As it is a full, comprehensive method involving many steps and elements much like Stanislavski’s method or Meisner, there is too much to explain in this article alone. In basic terms, this technique relies on identifying and learning ‘emotional patterns’ with the body rather than the mind. Emotional states (which are themselves combinations of ‘true’ emotions) are broken down into a combination of posture, facial mask and breathing which when done accurately allows for a strong emotional response in the mind and body regardless of thought pattern. Unlike mental stimulus, this choreography can be repeated consistently, provoking the same response in the body repeatedly.

Another fantastic element of this method is that it works in parallel with other acting methods, so it is complimentary, rather than a replacement for any school of thought you currently adhere too. It is also a ‘complete’ method, in that it addresses all elements of performance. This means that whether you have a method you prefer already, or you are entirely new to acting, PEM will have benefit for you. 

Click here if you’re keen to read more about PEMS.

Acting Technique #3: ALBA Emoting

ALBA emoting is a very similar technique to PEM. Although PEM is a full acting technique which covers all elements of performance in its scope and looks to provide solutions for all acting problems, ALBA is a little more specific and science-based. 

A relatively new technique developed by neuroscientist Susan Bloch, ALBA emoting is a psycho-physical technique which essentially reverse engineers emotional expression through physical choreography. ALBA emoting choreographs the external expression of the emotional state based on breath, posture and facial expression. The findings of Bloch were that not only did the accurate execution of the choreography induce an emotional state into the actor, it also was obviously and accurately perceivable by an audience member.

acting technique 

The foundation of ALBA emoting is the breath patterns of these six base emotions. Our empathetic response to breath as an audience member is very powerful. Take for instance when you watch a movie and the protagonist jumps underwater. We unconsciously limit or hold our breath in empathy with that character. This manipulation of breath has the same effect on the audience and gives the actor something concrete to focus on and execute during the performance, taking away the need to “reach a state’ or ‘go there’ emotionally. 

Unlike other acting techniques which can be playfully explored without prior exposure, ALBA emoting theorists warn against use without prior training by experts in the field. Developed by a neuroscientist, rather than a performer, its dissemination amongst performers, directors, training institutes and companies has likely been held up because of the need to train in this technique to use it effectively. 
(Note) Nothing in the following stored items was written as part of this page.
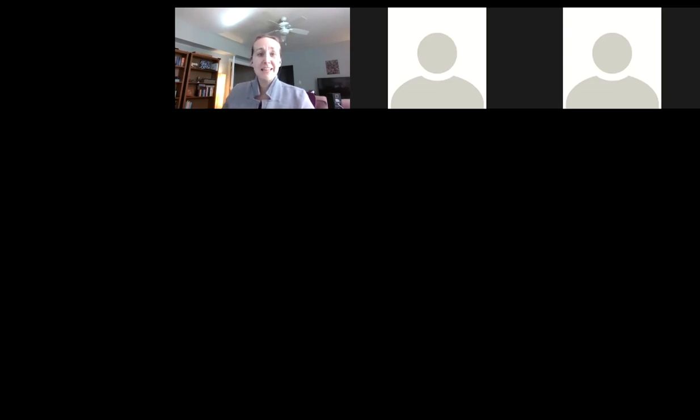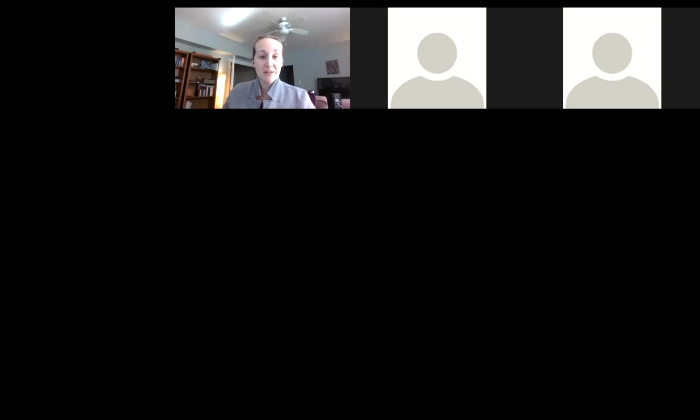Great. Thank you so much. I'm not seeing any questions come in right now through the chat. So I'm going to go ahead and end the recording and it will be available on our YouTube later today.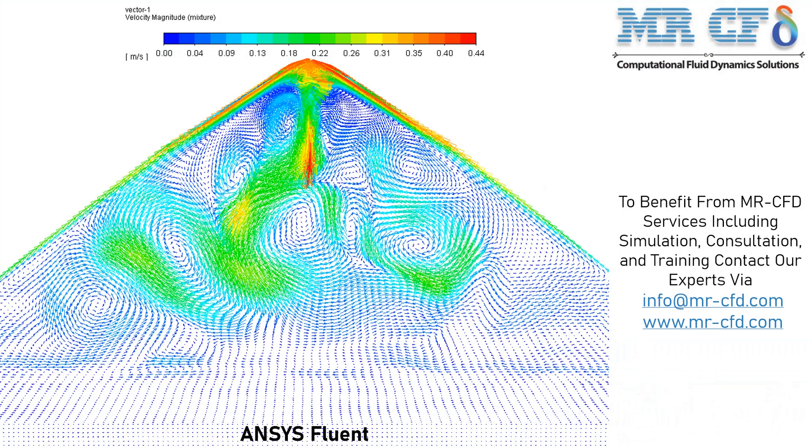In the shown velocity vector contour, you can see different vortexes formed inside the computational domain. The result behind this formation of vortexes and streams inside this desalination system is the effect of surface evaporation.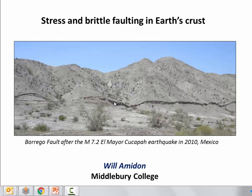Hi guys, welcome to my video on stress and brittle faulting in earth's crust. This picture shows a fault scarp. This is where a fracture in earth's crust came up and intersected the surface and slipped along that shear fracture, actually dropping this block in the foreground down relative to this block in the background. This is an extensional fault scarp — it's almost two meters high. In this video we want to think about how stresses in earth's crust cause it to break and how different configurations of stress cause different configurations of faulting.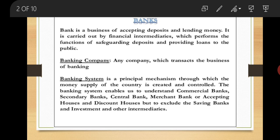Bank means Vangii. Vangii is a principal mechanism through which the money supply of the country is created and controlled. The banking system enables us to understand commercial banks, secondary banks, central bank, merchant banks or accepting houses, and discount houses, but excludes savings banks, investment banks, and other intermediaries.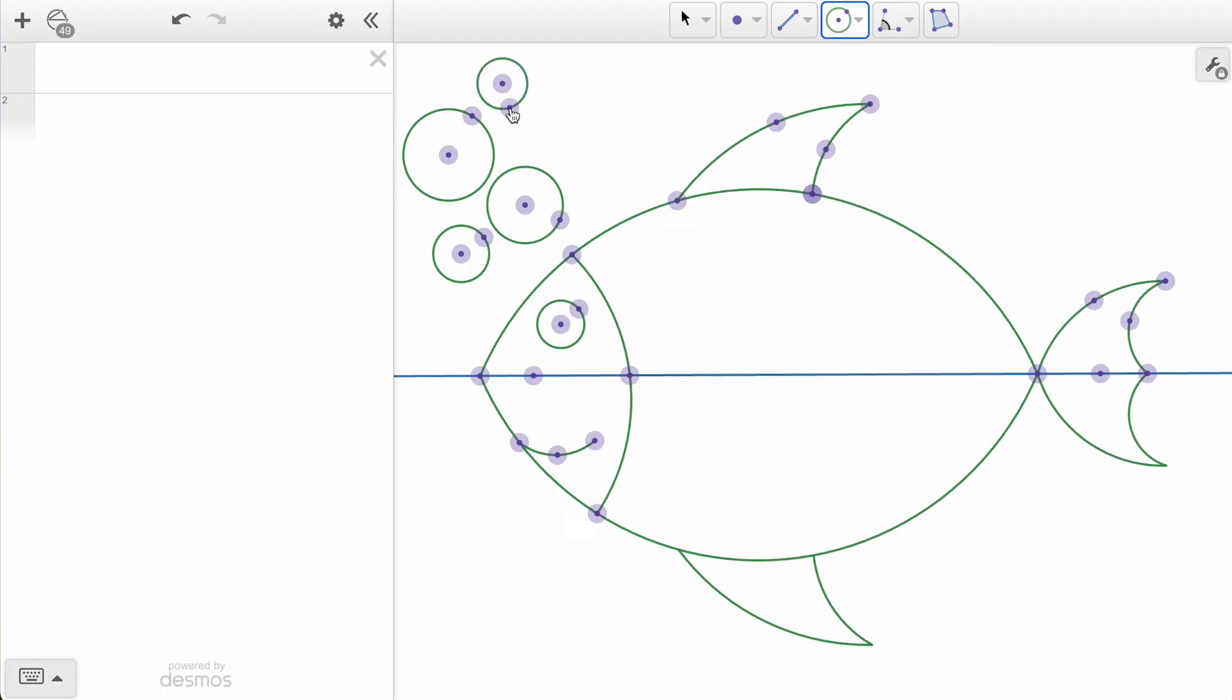While this fish is looking delightful already, there are a few options to help polish this up. Whether you're making an academic geometric construction or a work of art, using hidden objects can be a powerful tool.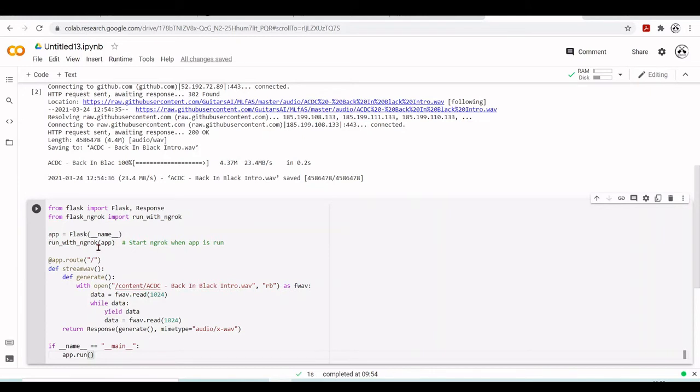Here is the Flask app. We'll have run_with_ngrok on the app, so it will start this application in the Google Colab environment localhost and will tunnel so we can access it from the internet.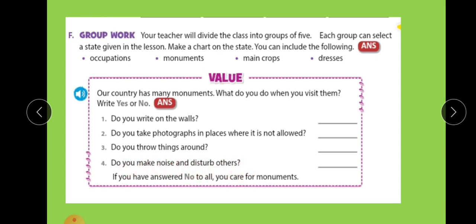Do you make noise and disturb others? No, we will not make noise or disturb others, because making noise is a bad habit and can annoy someone. You have to care for the monument, and in the same way, you have to care for society as well as for the nation.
That being said, understanding the core components can give us insight into the importance of breath and can inspire us to think of emotion in terms of breath rather then feeling, even if you haven’t gotten trained in this method specifically. 


I am a big believer in the actor’s toolkit, where you have access to a bunch of different solutions to the same problem. You wont need every tool all the time, and you will definitely have favourites, but you’re better off having it and not needing it, then needing it and not having it.